ルーカス「丁度良いじゃねぇか!ここんところ働きっ放しだったから休暇ついでに親に会って来いよ」
メリアン「リーダーまで…」
光男「ついでにお兄さんも連れてな」
メリアン「兄は仕事に没頭してしてますので…」
ルーカス「俺が上に頼んで二人の休暇を取得できるようにするから、お前は兄貴を力づくでモートレートタウンに連れて行って長期の休息を取れ」
メリアン「………解りました…」
光男「あの二人も君達兄妹に暫く会えなかったのを寂しく思ってたらしいから…しっかり二人の我儘に付き合ってやってくれ」
メリアン「………はい」
大人達がそんなやり取りをしている中、竜賀と源太は大人達に見えない物陰に隠れていた。
源太「何だよ竜賀?」
竜賀「源太これから俺ら離れ離れになっちまうだろ?だからまた会えるまで…これ…」
竜賀は右手から伽鍵礼符を取り出した。それは竜賀がこの戦いで手に入れた霊段階4の礼符であった。
源太「これ…!!?」
竜賀「その能力が昨日俺をずっと守ってくれたんだ…源太も大変かもしれないけど御守りだと思って」
源太「でもこの能力、竜賀じゃないと使えないんだよ?」
竜賀「うん!だからこれは源太が大切に持ってて…そんでいつか大人になったらこれを俺に返しに来て」
竜賀はそう言うと源太の手に伽鍵礼符を握らせた。源太はそれを大切そうに持って竜賀の目を真っ直ぐに見つめた。
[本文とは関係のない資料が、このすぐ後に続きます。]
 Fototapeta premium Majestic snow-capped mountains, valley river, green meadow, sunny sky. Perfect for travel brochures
源太「………よし!!そんじゃ俺もっと強くなる!!強くなって立派な適能者になって竜賀と一緒に戦えるくらいになって!これ返しにくる!それまでに竜ちゃんも強くなってろよな!!」
竜賀「うん!!!」
二人の少年はお互いに手を握り、1枚の礼符に誓いを込めた。いつかまた会えるその日までに強くなると。
そしてジープに二人は乗り出発しようとした。その運転席の窓にレスリー・コーナーが近付いて来た。
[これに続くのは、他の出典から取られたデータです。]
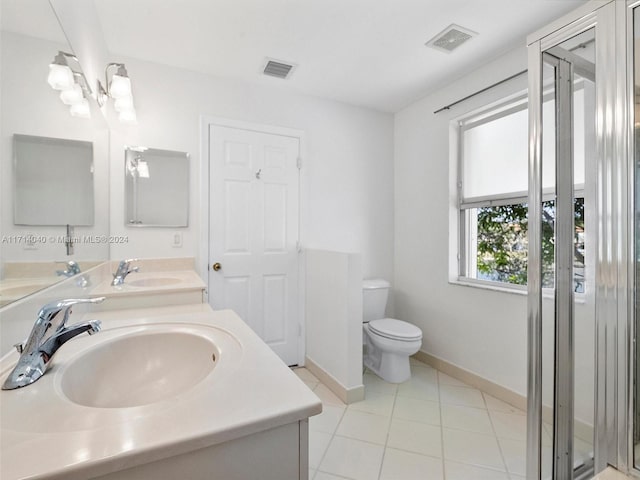 bathroom with tile patterned flooring, vanity, and toilet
レスリー「ヘーイ…ほんっとうに行っちまうのかい?暫くシカゴに居れば良いじゃないか?」
光男「言ったでしょ、俺達には帰る場所がある…ここにはずっといられないですよ」
竜賀「コーナーさん!短い間でしたけど本当にお世話になりました!貴方に知り合えたこと心から光栄に思います!」
レスリー「ありがとう竜賀…また会おう」
光男「…源太のこと宜しくお願いしますね」
レスリー「任して下さい」
そして光男と竜賀の二人を乗せたジープは瓦礫の山が広がるシカゴの都市をあとにした。さらなる試練が二人を待ち構えているとも知らずに。